On avait beaucoup aimé à Chro le premier roman de Noémi Lefebvre, L’Autoportrait bleu, en 2009 : un livre drôle, touchant, singulier, maîtrisé, qui présageait du meilleur et donnait de sérieux gages sur les facultés de son auteur. Nous voici bien déçus par L’Enfance politique. Non que le roman soit complètement médiocre ; mais il nous semble tout à fait raté, les qualités véritables de l’écriture de Noémi Lefebvre étant ici gâchées, muées en tics ; quant à l’introspection, elle se fait férocement caricaturale.
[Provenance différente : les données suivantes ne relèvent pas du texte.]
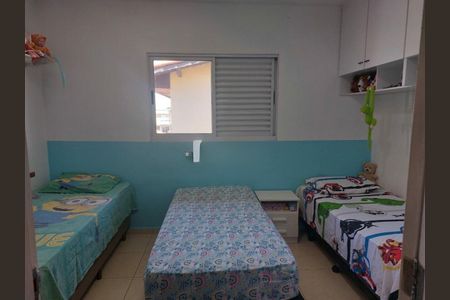 Casa à venda com 70m², 2 quartos e 2 vagas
De quoi s’agit-il ? Martine, femme déjà mûre, vit encore avec sa mère qui l’a recueillie ; elle passe ses journées au lit, à fumer et divaguer en regardant des séries. Elle monologue par brefs paragraphes, formant autour de son mal-être de longues circonvolutions. On comprend bientôt qu’elle sort d’un séjour en HP où elle a été internée à la demande de sa mère après une énième tentative de suicide ; peu à peu, le lecteur découvre par touches, allusions, scènes d’abord troubles puis éclaircies, les racines de ce malaise existentiel qui, au-delà de Martine, vont creuser du côté du père et de la guerre d’Algérie, ou de la mère et de son enfance dans un orphelinat sous Pétain.
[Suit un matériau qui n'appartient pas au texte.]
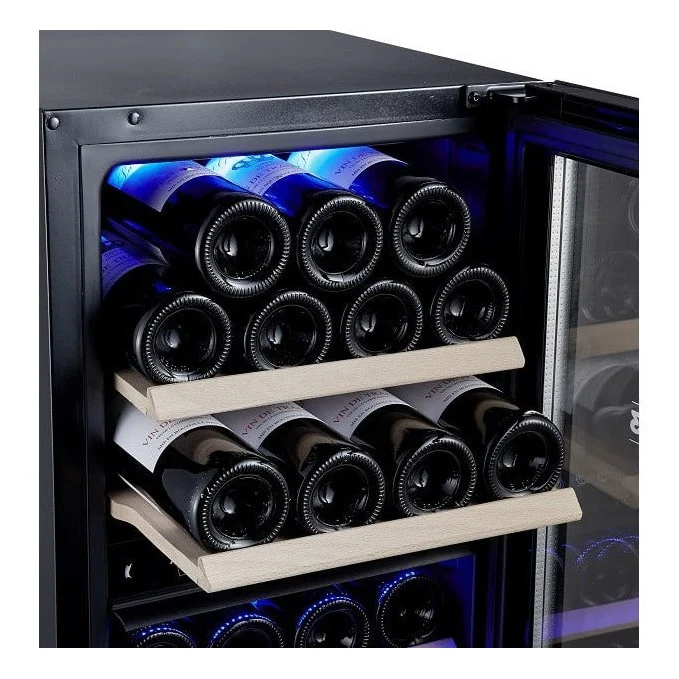 Bodega43 Weinklimaschrank B4322 Weinkühlschrank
Hélas, le côté régressif et répétitif du monologue sonne simplement débile ; les jeux de mots ou les associations d’idées, dans un tel contexte, finissent par se réduire à un truc d’écriture lassant et la lenteur de décantation du propos rend la chose aussi asthénique que la narratrice. Sans compter le peu de fond qu’on trouve à la révélation du mal ; les références complètement cliché à l’orphelinat de bonnes sœurs, à Pétain ; les considérations creuses et rabâchées sur la violence de l’homme civilisé, etc. Voilà comment un bon concept, servi par un talent véritable, peut s’écrouler dans une auto-parodie lestée de lieux communs. Puisse donc L’Enfance politique ne relever que de la crise de croissance vers la maturité littéraire, toujours possiblement remarquable, de Noémi Lefebvre.